--- Dataset excerpt Enclosed Below ---
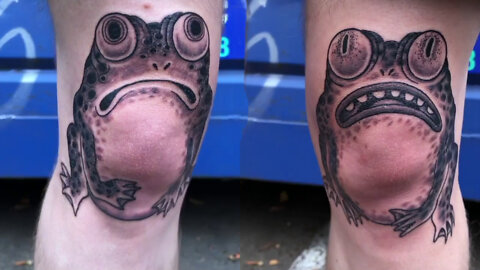 Guy Gets Toads Tattooed on his Knees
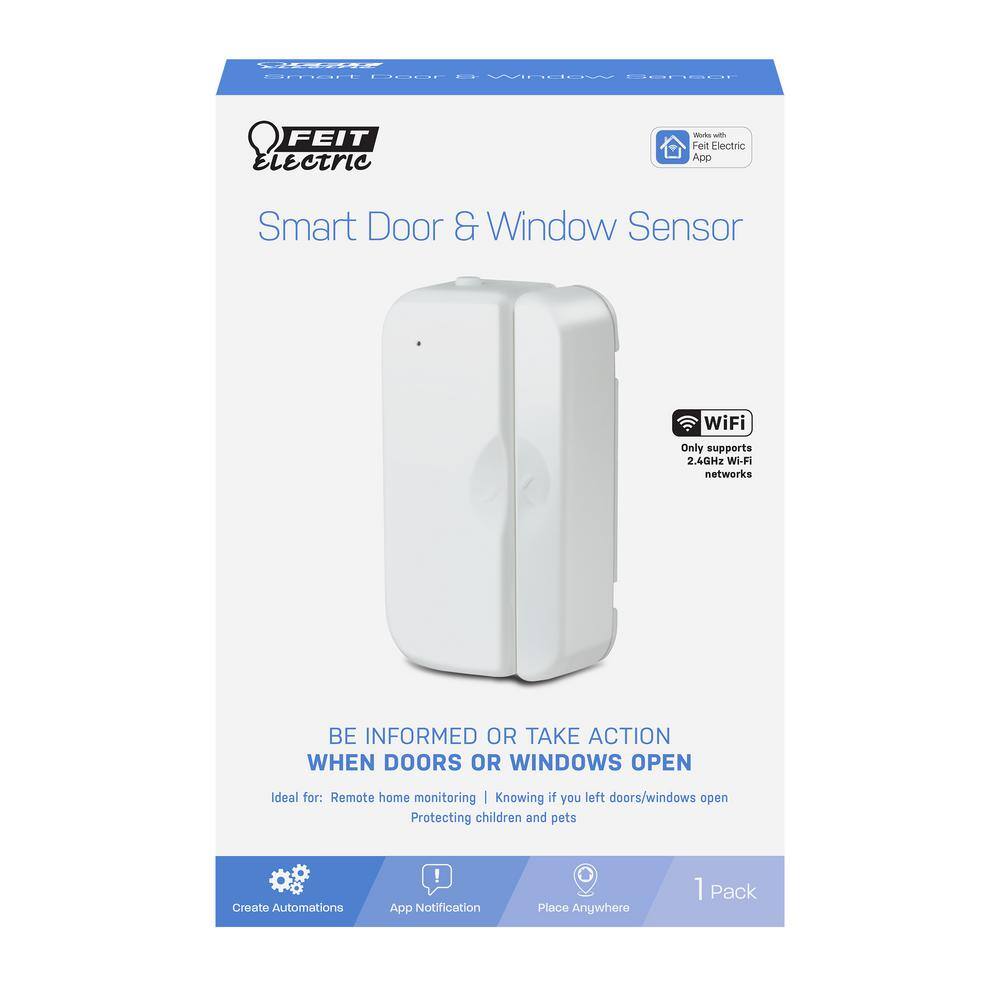 Feit Electric Battery-Powered Smart Wi-Fi Door and Window Sensor, Easy setup - No Hub Required in White (12-Pack)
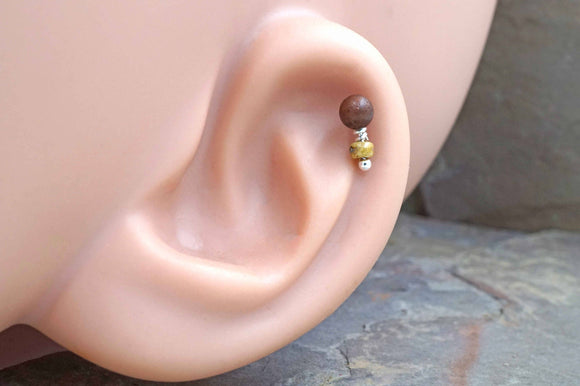 Cherry Rosewood Wood Cartilage Earring Tragus Helix Piercing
--- End of Enclosed Dataset excerpt ---
Instructions for the task: Copy the listing word for word, excluding its pictures.

Result below:
 Guy Gets Toads Tattooed on his Knees
 Feit Electric Battery-Powered Smart Wi-Fi Door and Window Sensor, Easy setup - No Hub Required in White (12-Pack)
 Cherry Rosewood Wood Cartilage Earring Tragus Helix Piercing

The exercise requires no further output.